Le Wall Street Journal a pour sa part rapporté samedi que Washington a ordonné à Global Oil Terminals, du magnat Harry Sargeant III, de cesser ses opérations au Venezuela.
- "Préparés" -
L'italien Eni, qui produit du gaz, et l'indien Reliance Industries devraient aussi être concernés par les révocations de licences américaines.
Chevron produit quelque 220.000 barils par jour, Repsol environ 65.000 et Maurel & Prom environ 20.000, selon des experts.
"Je tiens à informer que nous avons maintenu une communication fluide avec les entreprises transnationales de pétrole et de gaz ayant des activités dans le pays, et qu'elles ont été informées, ces dernières heures, par le gouvernement des Etats-Unis, de la révocation de leurs licences", a écrit la vice-présidente Delcy Rodriguez dans un communiqué sur les réseaux sociaux.
"Nous étions préparés à cette conjoncture et nous sommes prêts à continuer à honorer les contrats avec ces entreprises, dans le cadre de la Constitution de la République et des lois vénézuéliennes.
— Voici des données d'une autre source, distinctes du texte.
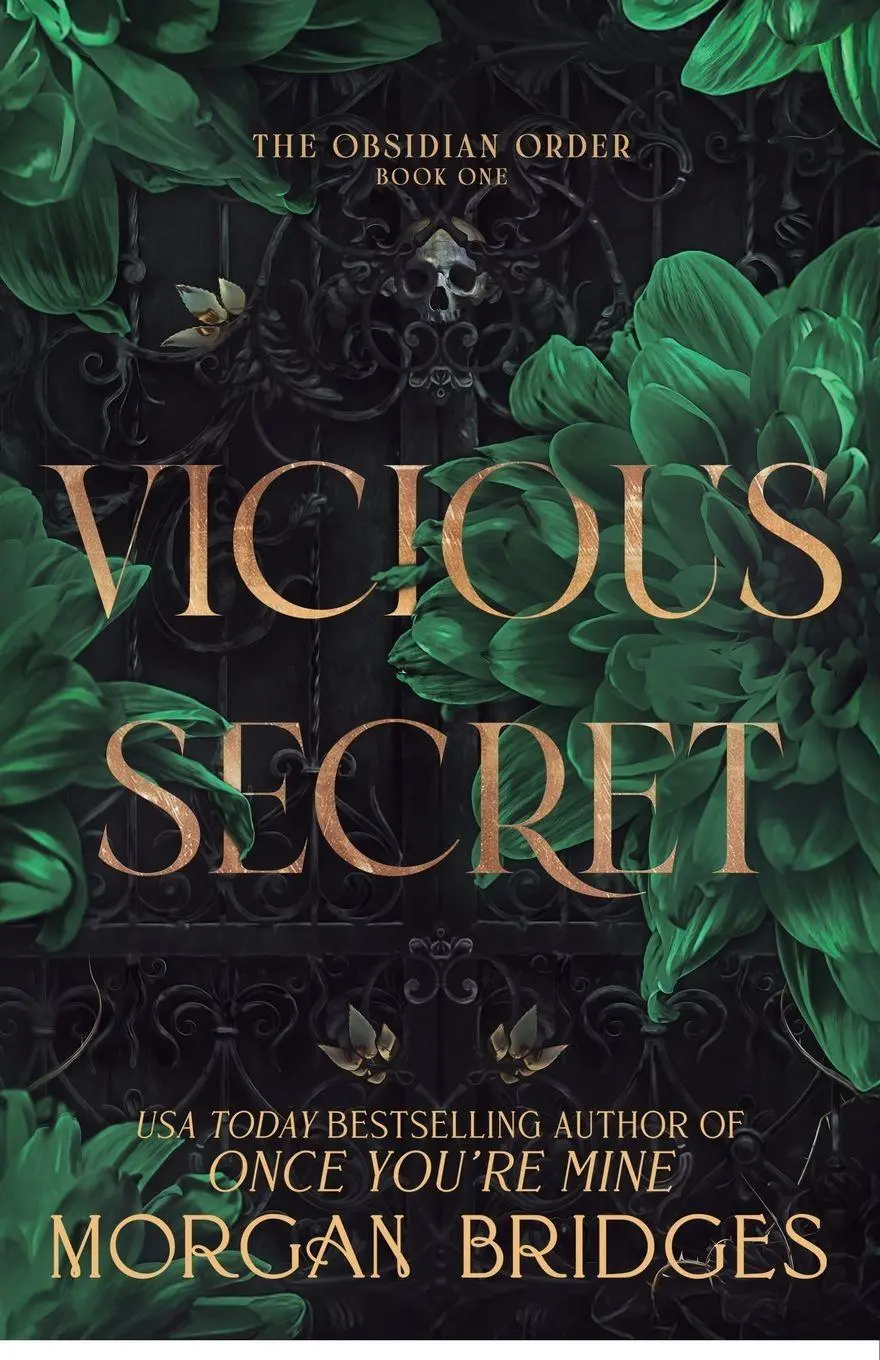Cover: 9798347029860 | Vicious Secret | Morgan Bridges | Taschenbuch | Englisch | 2026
Comme nous l'avons toujours soutenu, les entreprises internationales n'ont pas besoin de licence ni d'autorisation de la part de quelque gouvernement étranger", a-t-elle précisé.
Toutefois, les entreprises qui enfreindraient l'embargo et les directives américaines se verraient sanctionner par Washington.
Le président Donald Trump a révoqué fin février la licence du pétrolier Chevron. Octroyée par le précédent président Joe Biden, elle permettait à l'entreprise de travailler dans le pays malgré les sanctions. Dans le sillage de Chevron, d'autres avaient bénéficié de licences.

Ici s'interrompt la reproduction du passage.